## Assignment
Each line below should be repeated exactly as written, with no pictures carried over.

## Recorded information
Content starts

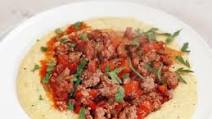 Italian Pork Chili with Polenta Italian Pork Chili with Polenta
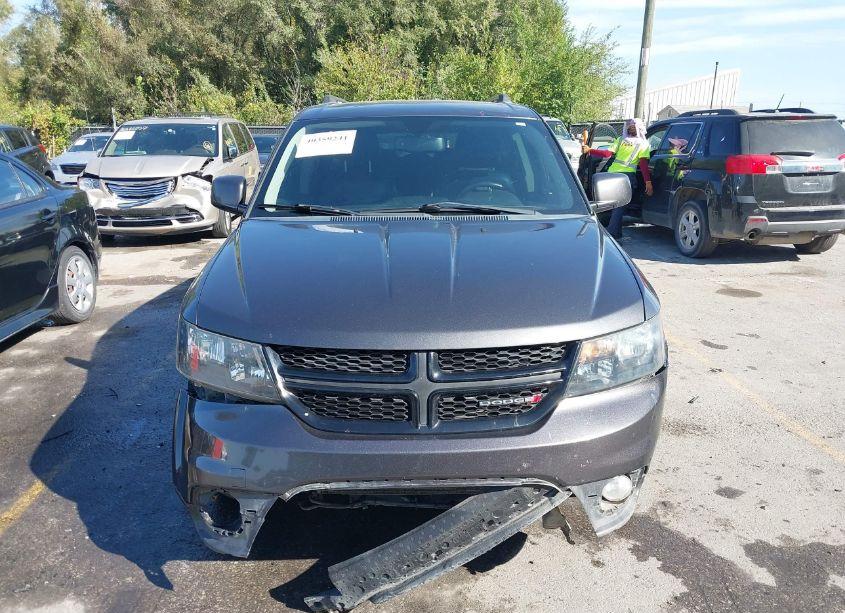 Photo 13 of 2015 Dodge Journey CROSSROAD (VIN 3C4PDCGB6FT686455)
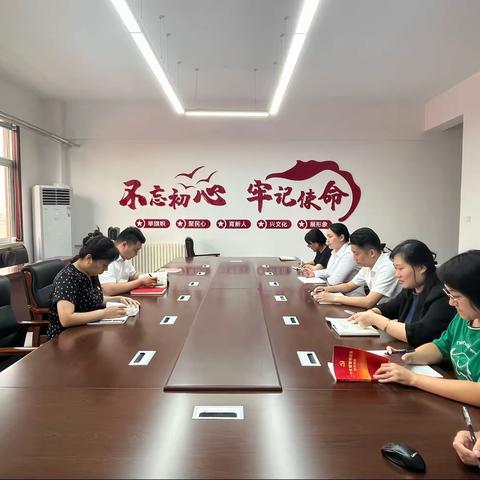 泺口街道北徐社区开展“党的二十大精神”理论宣讲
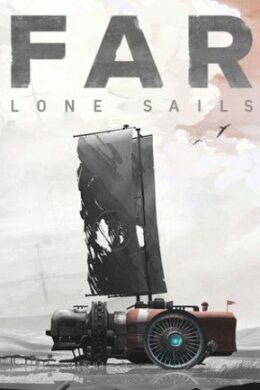 FAR: Lone Sails Steam Key GLOBAL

Content ends

## Exercise answer
 Italian Pork Chili with Polenta Italian Pork Chili with Polenta
 Photo 13 of 2015 Dodge Journey CROSSROAD (VIN 3C4PDCGB6FT686455)
 泺口街道北徐社区开展“党的二十大精神”理论宣讲
 FAR: Lone Sails Steam Key GLOBAL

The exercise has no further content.